Sin embargo, hay algo digno en
no entregarse a la verdad fácil, a esa que ofrece contradicciones y vacíos
en cada rincón, una verdad que cada vez se hace más vieja y menos verosímil,
una verdad cuyos dogmas resultan tan primitivos y tan elementales que uno se
pregunta hasta cuándo podrán resistir el paso del tiempo y la evolución del
entendimiento humano.
La religión ha ayudado a los
grupos humanos a convivir en cierto grado de armonía y orden. ¿Cuál hubiera sido
el derrotero de las sociedades sin la religión?, es una pregunta que queda en el campo
de la ucronía, pero lo que quizá sí se pueda medir es el impacto que ha tenido
en nuestra manera de pensar y entender nuestra cosmogonía. A algunas sociedades
la religión, cual virus de la gripe, la ha cogido con mucha fuerza y ha seteado los cerebros de sus individuos,
de tal manera que se necesitarán muchas generaciones para encontrar el hilo de
la madeja que los saque de su ignorancia.
Hay que resolver la ecuación de
la religión con algún método que, finalmente, permita al ser humano escapar de ese
vicio eterno en el que se encuentra y que sólo con la razón y el entendimiento
podemos curar.
¿Qué ganamos despojándonos de la religión?
Quizá nada, quizá todo. Nada, porque el hombre que anhela certitudes no puede
vivir en un mundo donde no tenga un punto en donde apoyarse. Pero ganamos todo
si logramos entender que hemos dado el paso más importante en la historia de la
humanidad, al lograr salir del vicio de las religiones, de ese estado primitivo
al que llegamos debido a nuestra ignorancia y desesperación, y por fin conocernos
soberanos de nuestro destino.
Salir de una religión es entender
que la moral es un producto social; es aceptar que lo que nos sucede a diario,
no está prefijado por la mano omnipotente de un ser superior, sino determinado
por el azar o por reglas que aún no logramos entender; que vivir en paz y
prosperidad, depende de nuestras decisiones y de cómo decidamos organizarnos; que los desastres naturales obedecen a leyes físicas,
y no a castigos divinos; que nuestras desgracias no son obra de dios ni del
diablo, sino consecuencias de nuestros actos y de los demás; y, finalmente,
implica entender que tenemos el infinito frente a nosotros para comprenderlo,
aunque una vida no nos sea suficiente para ello.

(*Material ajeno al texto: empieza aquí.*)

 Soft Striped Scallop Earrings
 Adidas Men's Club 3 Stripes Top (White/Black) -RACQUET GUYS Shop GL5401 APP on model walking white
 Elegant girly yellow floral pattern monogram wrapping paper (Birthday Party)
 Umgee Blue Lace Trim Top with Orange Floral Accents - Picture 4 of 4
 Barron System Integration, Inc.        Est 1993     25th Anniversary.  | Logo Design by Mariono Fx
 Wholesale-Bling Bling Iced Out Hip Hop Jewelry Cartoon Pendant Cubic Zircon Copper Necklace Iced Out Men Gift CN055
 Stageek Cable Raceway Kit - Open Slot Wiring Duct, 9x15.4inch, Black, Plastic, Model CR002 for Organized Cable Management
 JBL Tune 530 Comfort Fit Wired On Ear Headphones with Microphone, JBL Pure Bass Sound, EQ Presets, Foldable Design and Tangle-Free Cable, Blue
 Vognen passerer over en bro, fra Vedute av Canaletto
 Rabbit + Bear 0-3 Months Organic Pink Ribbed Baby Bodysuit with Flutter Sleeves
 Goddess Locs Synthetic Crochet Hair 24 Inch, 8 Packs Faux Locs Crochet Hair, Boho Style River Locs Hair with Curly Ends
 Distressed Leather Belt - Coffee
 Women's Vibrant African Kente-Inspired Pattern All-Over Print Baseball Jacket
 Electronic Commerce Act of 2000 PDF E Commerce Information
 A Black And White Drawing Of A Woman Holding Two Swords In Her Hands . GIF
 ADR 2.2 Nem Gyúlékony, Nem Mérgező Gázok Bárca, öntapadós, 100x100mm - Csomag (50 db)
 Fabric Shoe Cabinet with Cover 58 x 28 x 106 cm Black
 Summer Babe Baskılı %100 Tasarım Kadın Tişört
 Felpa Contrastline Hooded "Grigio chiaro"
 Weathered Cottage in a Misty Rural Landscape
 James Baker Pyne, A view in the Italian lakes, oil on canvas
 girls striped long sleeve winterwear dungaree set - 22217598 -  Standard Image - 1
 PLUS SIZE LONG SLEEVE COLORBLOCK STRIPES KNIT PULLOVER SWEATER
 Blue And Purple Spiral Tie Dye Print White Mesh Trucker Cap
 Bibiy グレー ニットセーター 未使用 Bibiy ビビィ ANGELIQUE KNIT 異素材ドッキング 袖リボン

La muerte merece un párrafo aparte. La muerte es
el anzuelo que la religión nos ha sembrado al final de nuestro viaje terrenal
para doblegar cualquier intento irreverente de sentirnos dueños de nuestro
destino, es el momento cuando el sacerdote, muy cómodo, sabedor de su mejor posicion, se acerca a nosotros con un aire
paternal y nos ofrece el paraíso y nosotros por temor a lo que nos espera al
otro lado del rio o, más bien, gracias a un frío cálculo, nos sometemos, temerosos
de dios. ¿Cómo debe quemar en el infierno, no? Al final, somos seres humanos, débiles
e imperfectos, calculadores y algo inteligentes. Como decía Ortega y Gasset,
tengo dos opciones: creer en dios o no creer. Si creo y dios existe, me voy al
paraíso, pero si no existe, pues “que no pasa nada”. Pero si no creo y Dios
existe, me quemo en el infierno. Simple teoría de juegos.